多くの人が注目し必要とする情報は、出版社などメディアが翻訳してくれます。だから「英語が生活に不可欠か?」と言われれば、それほどでもないかもしれません。ただ、個人的な興味については、自分で読めた方が便利なこともあります。いまのところ、少し時間差もあります。いずれ、グーグルがすべてをリアルタイムに訳してくれる日が来るかもしれませんが、日本語の特質を理解するためにも、英語を練習しておく意味はあると思います。

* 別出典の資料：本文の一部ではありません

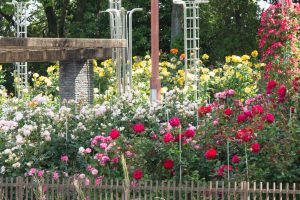 稲沢公園、バラ、5月の夏の花、愛知県稲沢市の観光・撮影スポットの画像と写真稲沢公園、バラ、5月の夏の花、愛知県稲沢市の観光・撮影スポットの画像と写真
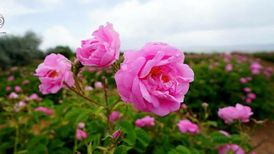 گل محمدی به اسم عربستان در یونسکو ثبت نشده است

「日本にいても継続的にマーケターとして成長できるのか」という疑問が質問の背後にあるのだとすると、「もちろんできる」というのが正解だと考えます。原義に立ち返れば、「(属性の順位を転換し、いい商品の定義を変えることで)市場創造するのがマーケター」です。そうしたマーケティング活動において、消費者の国民性や民族性はつよく反映されるとしても、マーケター自身の国民性や民族性を問うものではないと思います。

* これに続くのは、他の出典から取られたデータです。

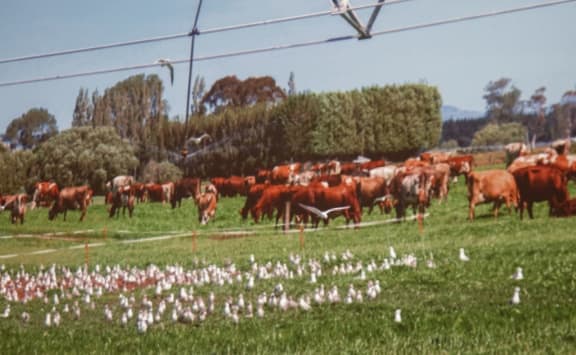 Black billed gulls oblivious to the cows grazing nearby and the odd shower from a pivot irrigator.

これからも、日本から多くのイノベーションが生まれてくるでしょう。上述したように、世界にさきがけて社会問題化しつつある高齢化などは、近未来の人類の課題をほかの地域よりも先に経験できると捉えられます。先行できる分だけ、日本のマーケターは有利かもしれません。それらを「日本のマーケターに有利な強み」と呼ぶのであれば、大いに強みにしていきたいものです。